Created 12-15-2015 02:19 PM
I have seen this before, but on a HDP 2.3 system. Could you paste the content of your capacity-scheduler.xml (In Ambari within the Yarn config)
Created 12-15-2015 02:25 PM
@Jonas Straub - do I just need to provide these 2 params in my blueprint? Seems like a potential bug to me.
Created 12-15-2015 02:30 PM
This sounds like a bug, and both values are removed in newer Ambari versions.

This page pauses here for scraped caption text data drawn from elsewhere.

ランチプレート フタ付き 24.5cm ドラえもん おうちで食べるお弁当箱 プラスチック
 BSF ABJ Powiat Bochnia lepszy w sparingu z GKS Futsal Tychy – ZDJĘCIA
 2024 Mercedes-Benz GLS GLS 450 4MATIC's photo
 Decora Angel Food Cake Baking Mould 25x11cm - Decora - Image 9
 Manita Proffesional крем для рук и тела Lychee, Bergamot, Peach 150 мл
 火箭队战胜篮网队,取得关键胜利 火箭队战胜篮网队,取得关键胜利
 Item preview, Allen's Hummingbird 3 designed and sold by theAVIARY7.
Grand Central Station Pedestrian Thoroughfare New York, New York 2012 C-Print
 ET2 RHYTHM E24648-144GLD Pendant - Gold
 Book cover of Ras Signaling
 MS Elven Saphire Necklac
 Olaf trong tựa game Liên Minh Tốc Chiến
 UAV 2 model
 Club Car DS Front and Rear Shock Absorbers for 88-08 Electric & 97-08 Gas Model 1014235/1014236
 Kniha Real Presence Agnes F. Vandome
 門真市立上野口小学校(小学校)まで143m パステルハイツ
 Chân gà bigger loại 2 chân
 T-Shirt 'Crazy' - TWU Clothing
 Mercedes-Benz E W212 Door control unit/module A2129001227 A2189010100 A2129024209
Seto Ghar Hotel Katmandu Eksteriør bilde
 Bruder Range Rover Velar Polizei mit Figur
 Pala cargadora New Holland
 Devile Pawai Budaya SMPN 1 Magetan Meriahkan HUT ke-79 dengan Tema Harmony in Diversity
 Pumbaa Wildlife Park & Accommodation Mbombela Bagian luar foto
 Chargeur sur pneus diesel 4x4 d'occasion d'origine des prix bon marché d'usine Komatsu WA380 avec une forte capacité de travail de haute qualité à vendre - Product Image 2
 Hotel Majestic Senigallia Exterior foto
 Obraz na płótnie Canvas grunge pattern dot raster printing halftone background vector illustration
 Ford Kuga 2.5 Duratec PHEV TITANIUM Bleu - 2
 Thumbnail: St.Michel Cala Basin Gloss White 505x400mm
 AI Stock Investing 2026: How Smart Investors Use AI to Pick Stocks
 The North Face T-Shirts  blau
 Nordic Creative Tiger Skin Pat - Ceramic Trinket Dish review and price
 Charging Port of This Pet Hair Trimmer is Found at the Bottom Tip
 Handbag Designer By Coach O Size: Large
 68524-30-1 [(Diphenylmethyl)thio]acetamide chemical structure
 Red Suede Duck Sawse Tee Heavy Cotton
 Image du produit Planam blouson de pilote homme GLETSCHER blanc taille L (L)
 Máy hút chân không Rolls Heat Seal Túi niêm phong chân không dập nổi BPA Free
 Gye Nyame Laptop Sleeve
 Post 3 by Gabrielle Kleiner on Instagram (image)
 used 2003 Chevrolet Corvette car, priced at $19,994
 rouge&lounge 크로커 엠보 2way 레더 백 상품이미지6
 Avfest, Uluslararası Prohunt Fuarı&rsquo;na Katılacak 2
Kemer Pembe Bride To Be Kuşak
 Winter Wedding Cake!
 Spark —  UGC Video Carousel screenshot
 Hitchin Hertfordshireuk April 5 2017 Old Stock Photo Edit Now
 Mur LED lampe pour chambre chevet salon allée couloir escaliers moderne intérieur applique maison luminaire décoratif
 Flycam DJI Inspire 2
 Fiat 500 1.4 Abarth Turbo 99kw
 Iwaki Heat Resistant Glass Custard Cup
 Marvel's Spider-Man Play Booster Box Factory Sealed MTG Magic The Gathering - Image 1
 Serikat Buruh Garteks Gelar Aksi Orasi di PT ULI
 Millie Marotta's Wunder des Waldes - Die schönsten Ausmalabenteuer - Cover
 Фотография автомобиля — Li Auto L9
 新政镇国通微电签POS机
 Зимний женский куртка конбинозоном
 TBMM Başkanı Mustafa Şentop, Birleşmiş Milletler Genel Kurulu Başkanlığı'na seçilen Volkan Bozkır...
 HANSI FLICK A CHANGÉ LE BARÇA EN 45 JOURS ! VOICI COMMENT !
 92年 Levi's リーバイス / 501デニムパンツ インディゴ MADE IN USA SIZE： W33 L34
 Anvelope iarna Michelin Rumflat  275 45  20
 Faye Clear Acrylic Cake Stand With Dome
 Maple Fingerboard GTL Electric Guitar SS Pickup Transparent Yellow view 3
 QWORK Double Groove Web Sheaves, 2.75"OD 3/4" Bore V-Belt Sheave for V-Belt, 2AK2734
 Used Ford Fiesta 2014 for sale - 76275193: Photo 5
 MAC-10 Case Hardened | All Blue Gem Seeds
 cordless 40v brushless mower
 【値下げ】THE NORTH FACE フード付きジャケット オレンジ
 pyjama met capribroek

https://issues.apache.org/jira/browse/AMBARI-13232
Could you remove the following two values and try to restart the RM:
Created 12-15-2015 03:46 PM
Took those out of the capacity-scheduler.xml file and attempted to restart, still fails, I've added the messages to the Q.
Created 12-15-2015 04:00 PM
can you check to local file (etc/yarn/conf/capacity-scheduler.xml) and make sure the values are not set in there.
make sure there is no RM still running (ps aux | grep resourcemanager) and there is no RM pid-file in /var/run/hadoop-yarn/yarn
Created 12-15-2015 05:09 PM
I had to remove the options through the config tab of Ambari but once I did that I was able to restart and resourcemanager is now running.
Created 12-15-2015 05:36 PM
Awesome! I am glad its running now 🙂